_REQUIRED WORK:_
From the entries below, please gather each line containing the string "Photo".

_SUPPLIED DATA:_
= = = = = = =
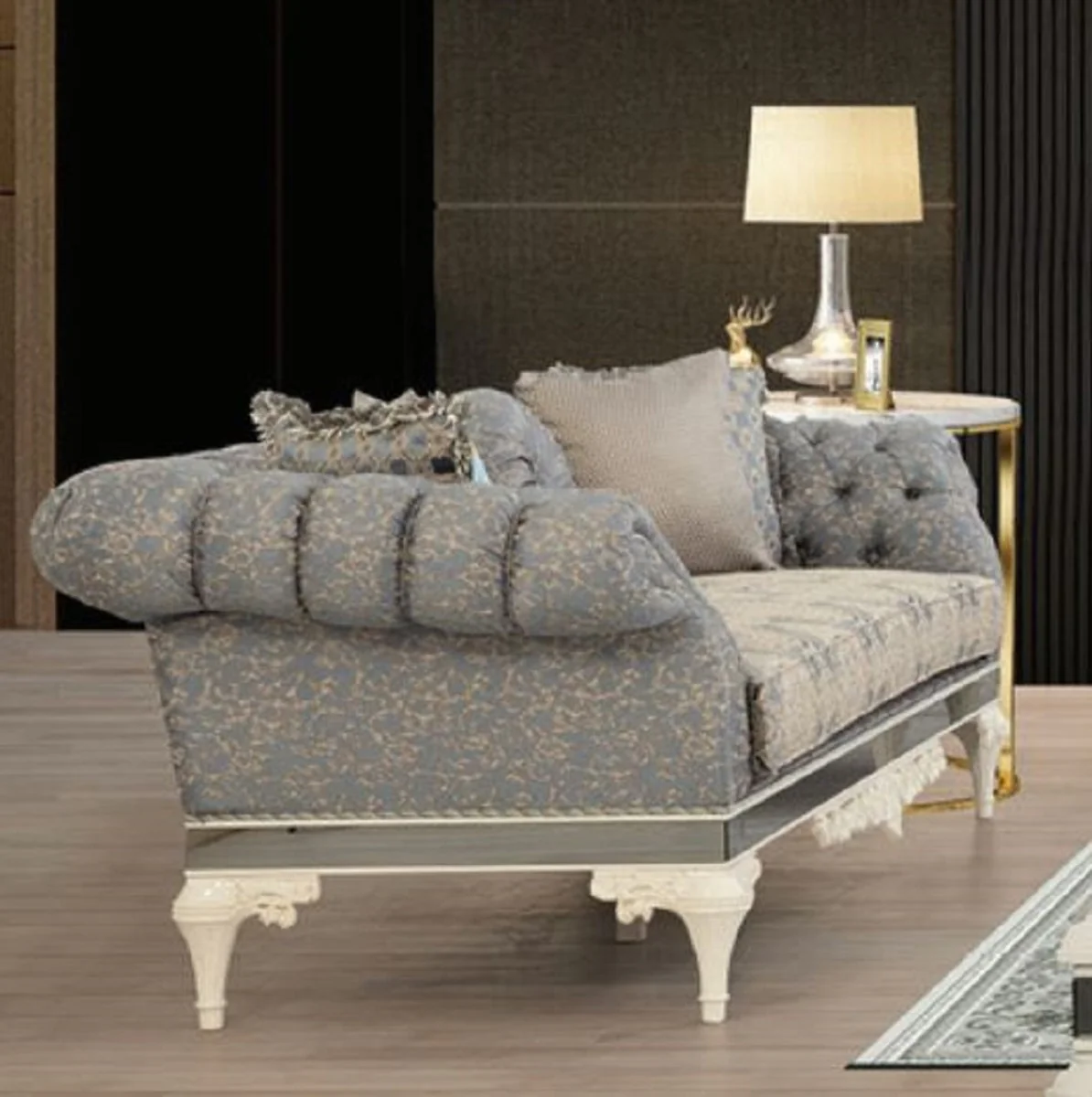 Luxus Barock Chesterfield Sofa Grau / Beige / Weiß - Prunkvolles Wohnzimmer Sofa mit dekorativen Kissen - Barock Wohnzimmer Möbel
= = = = = = =
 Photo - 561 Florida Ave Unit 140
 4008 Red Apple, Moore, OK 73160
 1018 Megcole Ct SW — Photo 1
= = = = = = =
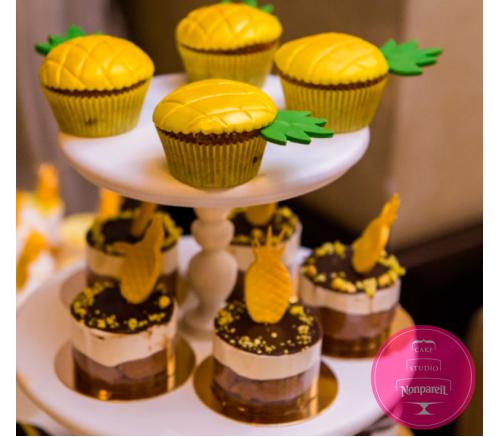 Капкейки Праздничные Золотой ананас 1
= = = = = = =
_FINAL ANSWER:_
 Photo - 561 Florida Ave Unit 140
 1018 Megcole Ct SW — Photo 1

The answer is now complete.